What they did agree on was that there will be some growth but it will be smaller than the gains made in recent years. "Soft landing" was the term used by more than one expert to size up the 2001 ad market.
For network TV, the projections ranged from a bearish 1% gain (for ABC, CBS, NBC and Fox combined) to a somewhat more bullish 7% increase.
On the low end was Robert Coen's prediction. The senior vice president and director of forecasting for Universal McCann, the media-buying arm of McCann Erickson Worldwide, expects it to be "very difficult" for the networks to surpass what he considers exceptional performance in 2000. That performance was driven by first-half online marketers, the Olympics and a generally robust economy, he said.
A 1% gain would put ad revenue for the Big Four networks next year at about $15.9 billion, Coen said.

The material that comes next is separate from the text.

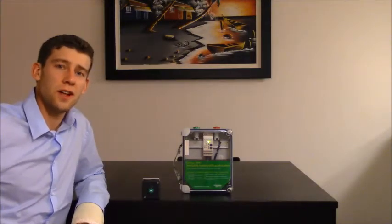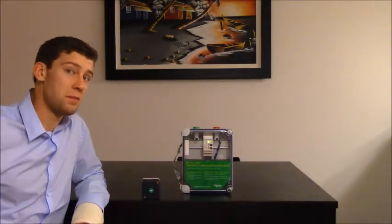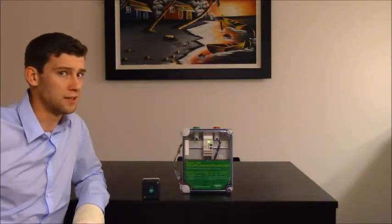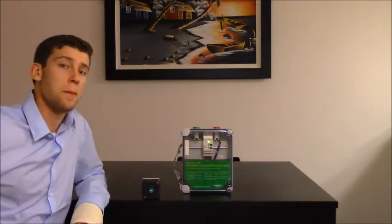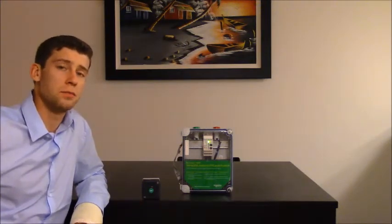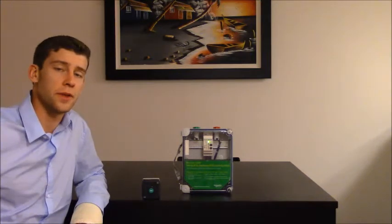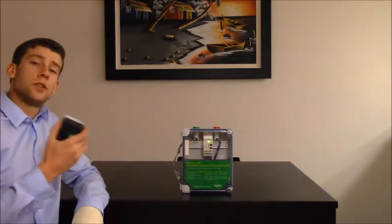How's it going everyone, thanks for watching today. My name is Brett Bannon and I got a really cool product here for you. This is the wireless batteryless push button from Schneider Electric. That's right, it's wireless, you can see there's nothing connecting the transmitter to the receiver here.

CBS Executive Vice President, Planning and Research, David Poltrack projects a 7% gain in ad sales by the four major networks, to approximately $16.8 billion. He cited double-digit prices already locked up from the upfront negotiations last spring. As for Coen's prediction, Poltrack proclaimed it "mathematically impossible," saying, "There would have to be no scatter market to come in at that level."
And Poltrack's calculation doesn't factor in 13 weeks of Survivor II, which wasn't negotiated in the upfront. But he did caution that his 7% prediction doesn't take into account a possible strike by both writers and actors. Such a strike could have an audience-delivery impact of 5% to 10%, although there would be an equal or greater saving on the cost of entertainment programs not produced and aired, he said.
Between Coen and Poltrack on the optimism scale was Zenith Media Chairman and CEO John Perriss, who forecast 5% to 6% growth for U.S. television network advertising next year. Generally, he said, the ad business is headed for a "soft landing" in 2001, with respectable growth rates smaller than this year's.
Even Coen said the overall outlook for advertising is "quite good. Nobody is expecting a recession in 2001." Total U.S. advertising will "come close to matching nominal GDP [gross domestic product]." Thus, he said, the ad climate will fall in between the two extremes of exceptionally robust and recessionary.
Poltrack did acknowledge fourth quarter 2000 softness in the ad economy, attributing it to the late Olympics, which drained some money out of the scatter market. The Olympics also delayed the start of the new season, which in turn reduced make-good liabilities (with the exception of Who Wants to Be a Millionaire?). That added inventory created a buyer's market, he observed.
But things will turn around in the first quarter, Poltrack said, because there will be no Olympics to suck money out of scatter. He also pointed out that upfront sellout rates for the first through third quarters are historically higher than in the fourth quarter and, at least for CBS, advertisers are not opting out of upfront commitments beyond expected levels. "There is no evidence to support a continuation of the supply-demand imbalance into the new year," he said.
Coen predicts a down year for the national spot television sector. Sales will drop 1%, to $11.9 billion, he believes, noting the tough comparison with 2000, which had both the Olympics and the political elections.
Cable TV advertising should grow by 12.5%, to $10.1 billion, next year, Coen said. Syndication TV advertising should be up 6%, to $3.3 billion, and national radio 5.5%, to almost $5 billion, he said. Local television advertising will grow 3%, to $14 billion, while local radio will post a gain of 6.5%, to almost $16 billion.